**** Information supplied ****

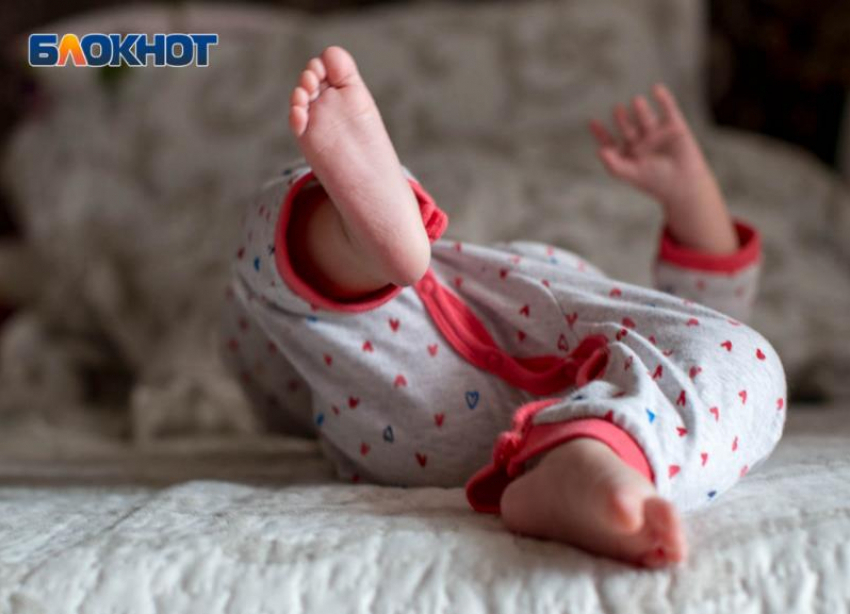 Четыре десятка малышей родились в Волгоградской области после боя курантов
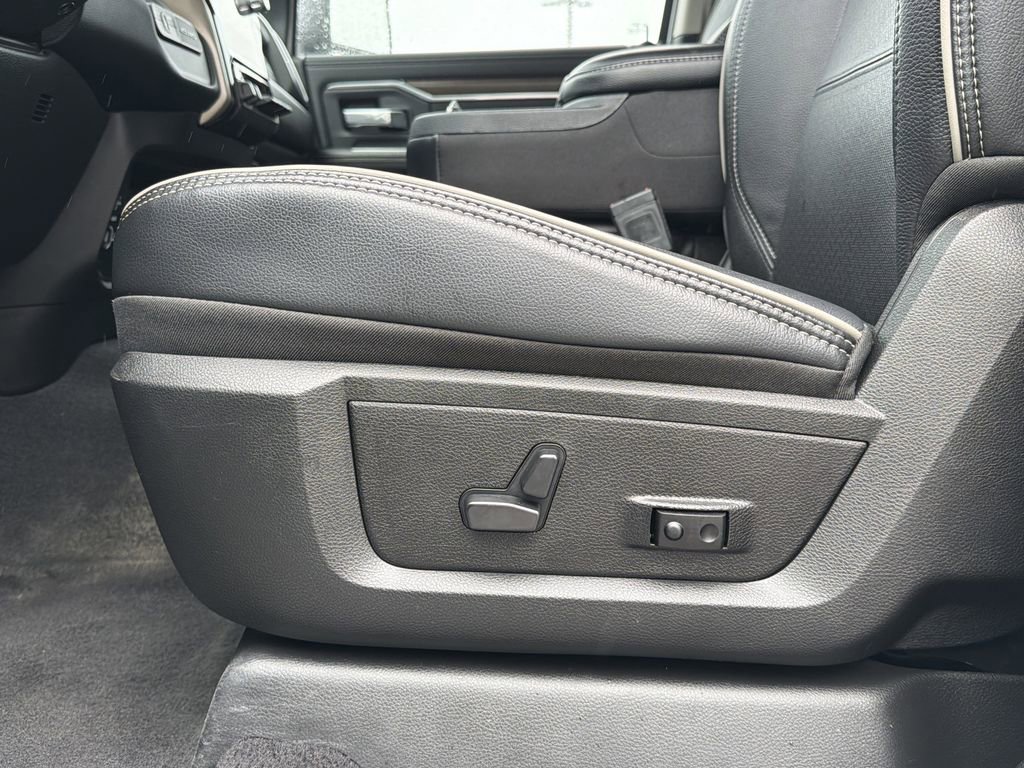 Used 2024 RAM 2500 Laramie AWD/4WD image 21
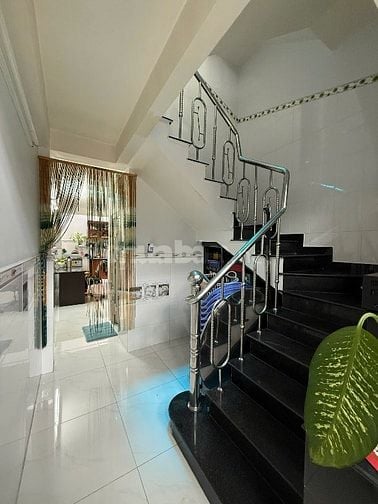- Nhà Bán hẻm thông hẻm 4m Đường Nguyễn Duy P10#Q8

****

*Work order*
Nothing but the pictures should be left out when the listing above is transcribed.

*Reply to the exercise*
 Четыре десятка малышей родились в Волгоградской области после боя курантов
 Used 2024 RAM 2500 Laramie AWD/4WD image 21
- Nhà Bán hẻm thông hẻm 4m Đường Nguyễn Duy P10#Q8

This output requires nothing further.